Не понравилась мне чем-то серая "Волга", которая шла за нами и вместе
с нами остановилась возле прокуратуры. Но, когда, высадив Настю, я
отправился домой, "Волга" осталась стоять, и я успокоился.
По дороге я зарулил к Джиму, но его не оказалось дома. Я только
рассказал его предкам, какие у нас дела вершатся и дальше поехал. Но еще и
дверь ключом не открыл, как услышал дикий телефонный трезвон. "Что-то
вообще, жизнь у меня какая-то телефонная пошла", - думал я, торопливо
отпирая замок и хватая трубку.
- Коля, - зазвучал взволнованный Настин голос, - это какой-то ужас...

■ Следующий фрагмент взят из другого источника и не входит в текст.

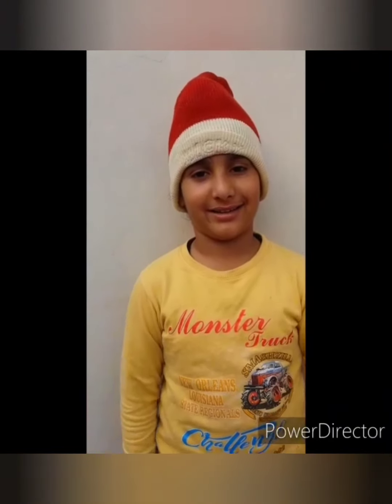Thank you. I hope you liked my experiment. Thank you and have a nice day.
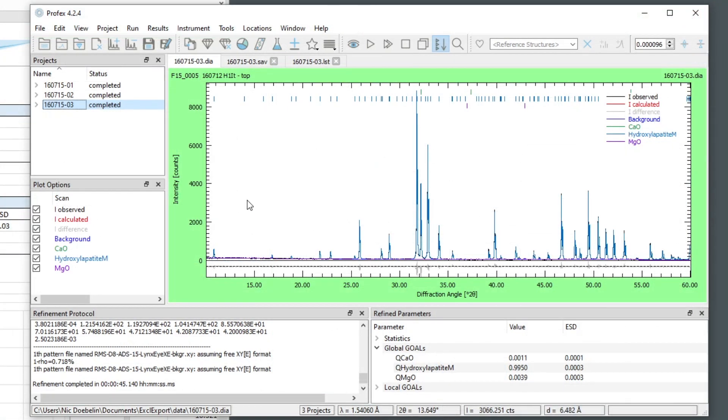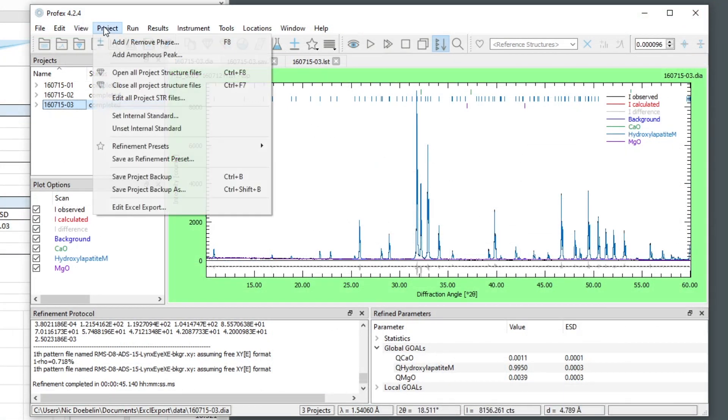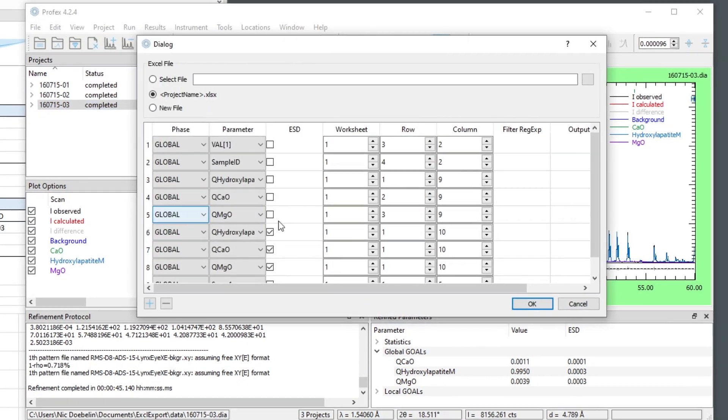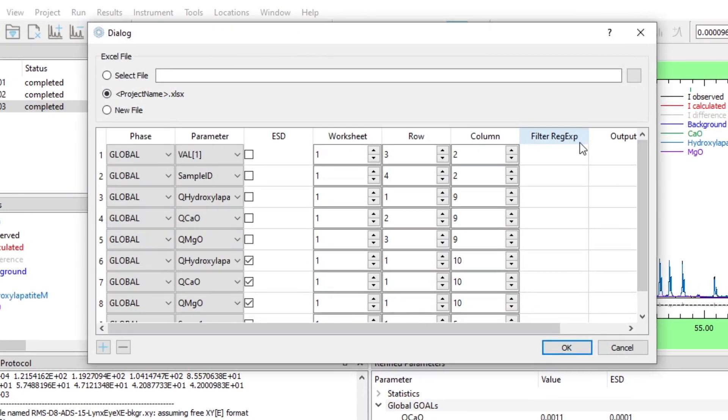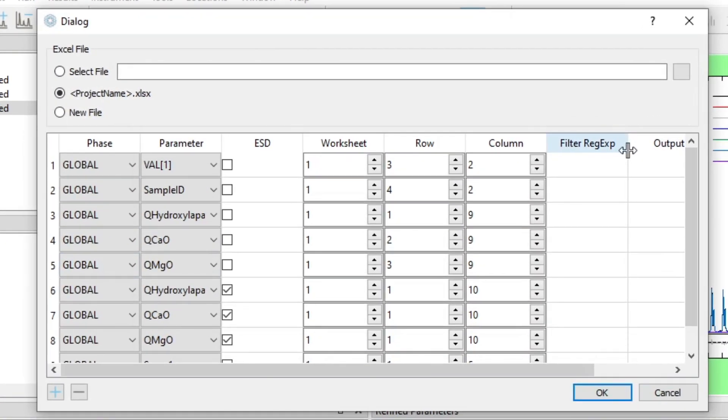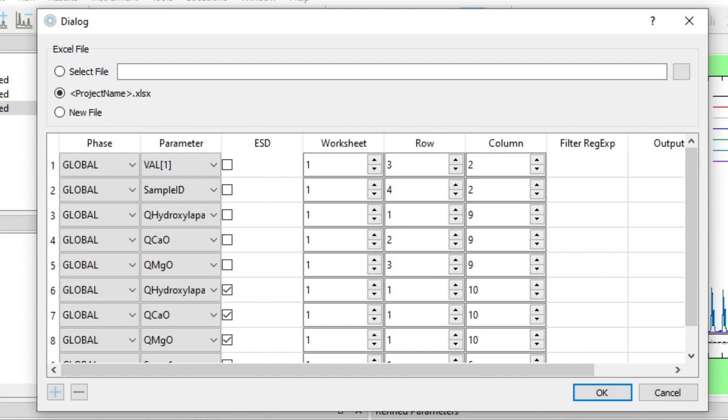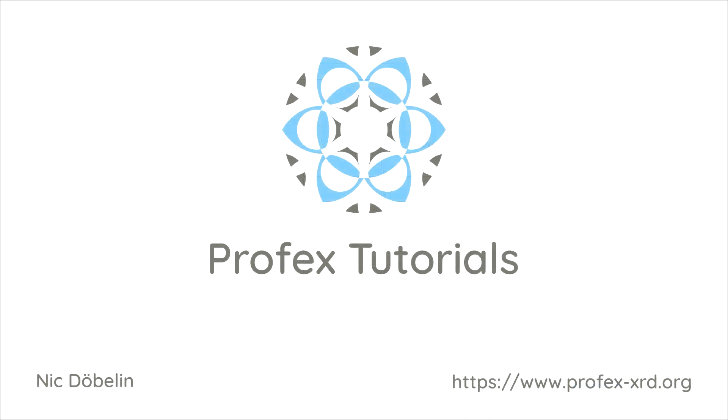So this was the basic use of this new Excel export feature. In the next video, I am going to demonstrate what these two columns are used for. They allow some fairly sophisticated filtering of the results and give us more control over the formatting and display of results in the Excel sheets. So thanks for watching and I hope to see you in the next video.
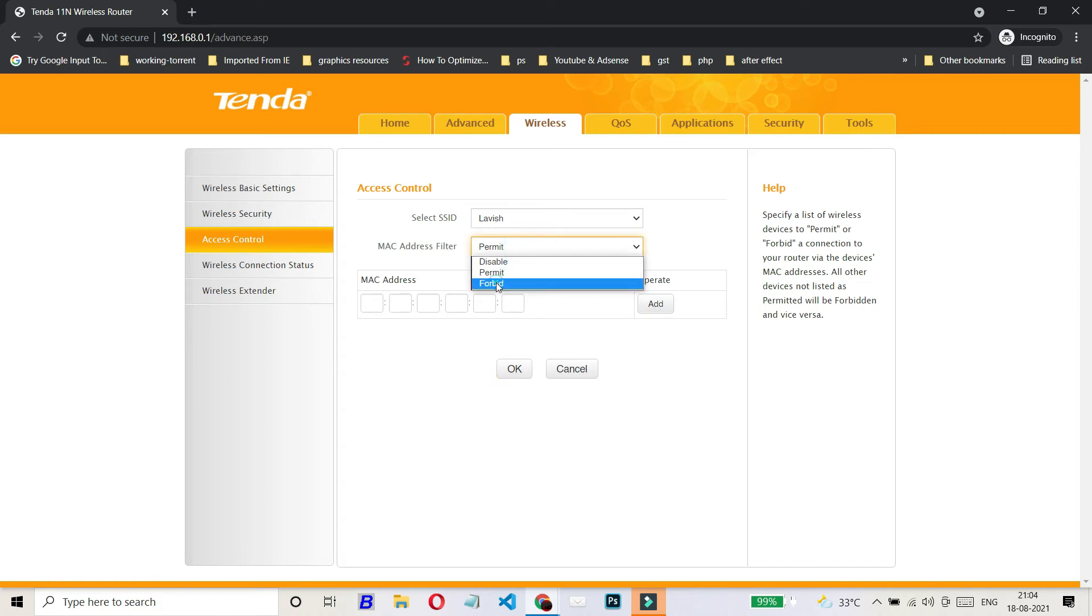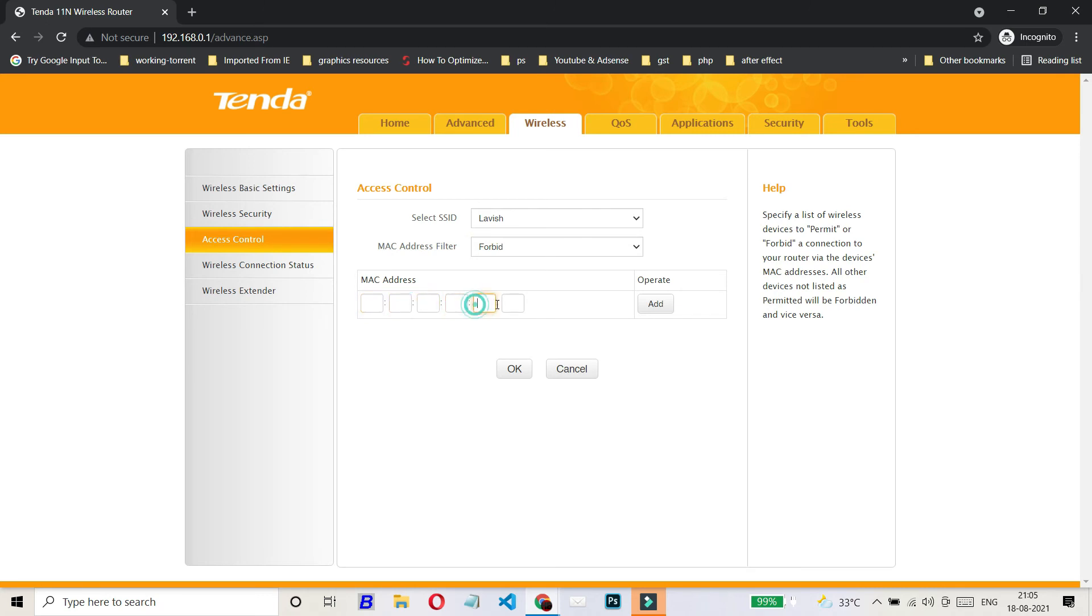You can also use this option, Forbid, to block any device. If you are using this option, then you have to enter the MAC address of that particular device which you do not want to have a connection with your Wi-Fi router. And then click on Add, then you can click on OK.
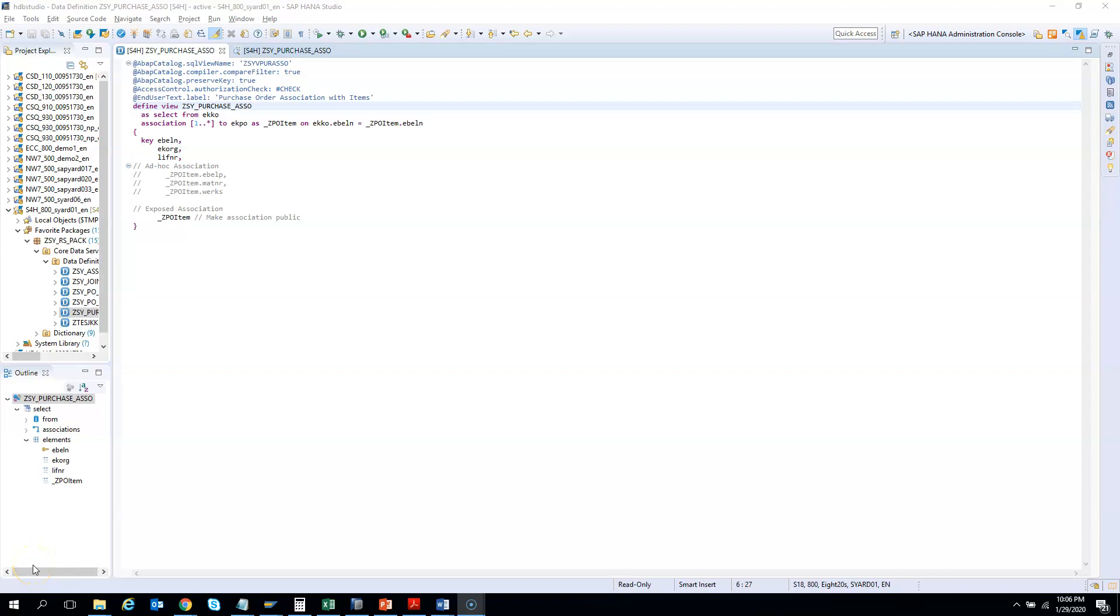In the previous exercise, we created a CDS with one level of drill-down and learned how the association or join happens on demand. We understood the difference between exposed association and ad hoc association, and how to specify or write them and how to use them.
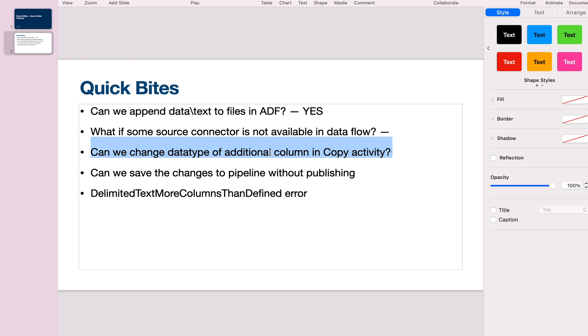The third question is data type of additional column in copy activity. Additional column is for providing extra information on top of existing information from the source file—like who ran the pipeline, when the copy activity ran, the last modified date, or the file path being loaded. These capture metadata in your sink table. However, we cannot do type conversion in the additional column. There's no facility for that. Everything is treated as string, so take care if you want to handle date and time values.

- Что такое? Что там тебе сказали?
- Ты понимаешь, они совсем не по этому делу меня вызывали.
- Не из-за Рома?
- Из-за него. Но, понимаешь... Только я туда вошла, как они начали
нести какой-то бред - что Ром ограбил сегодня ночью какой-то валютный
магазин. Стали меня допрашивать, где я была с четырех до пяти утра...
- А что случилось в это время?
- Они твердят, что именно в это время и был ограблен магазин.
- Да какой, к черту, магазин? Ты им объяснила, что Ром в это время
был уже мертвым?
- Не стала я об этом говорить. Что-то меня удержало. Понимаешь, все
это так глупо звучало. Чушь какая-то. Я просто ждала, когда они меня
отпустят. Но потом они показали мне запись...
Голос ее задрожал, и она примолкла.
- Какую еще запись? - У меня снова, как вчера, слегка поехала крыша.
- Этот магазин - частный. И хозяин там, видимо, крутой. У него в доме
напротив, в одном из окон, установлена камера. И она ночью пишет все, что
возле дверей делается. Он хозяину квартиры, чье окно, башляет за то, что
тот кассеты меняет.
- Ну и что?
- Это был Ром. Мертвый. Понимаешь?! Он мертвый этот магазин грабил.
- Слушай, Настя, ты в порядке?
- Нет.
- Я и чувствую.
- Как ты думаешь, Крот, в порядке я, когда Ром умер? И когда я своими
глазами видела, как он, мертвый, ломает дверь магазина?
Я слышал, что она сейчас-сейчас сорвется. Но произнес, наверное,
самую идиотскую фразу, какую только мог:
- Ну, ты что-то не так увидела.
- Пошел ты!.. - крикнула она и бросила трубку.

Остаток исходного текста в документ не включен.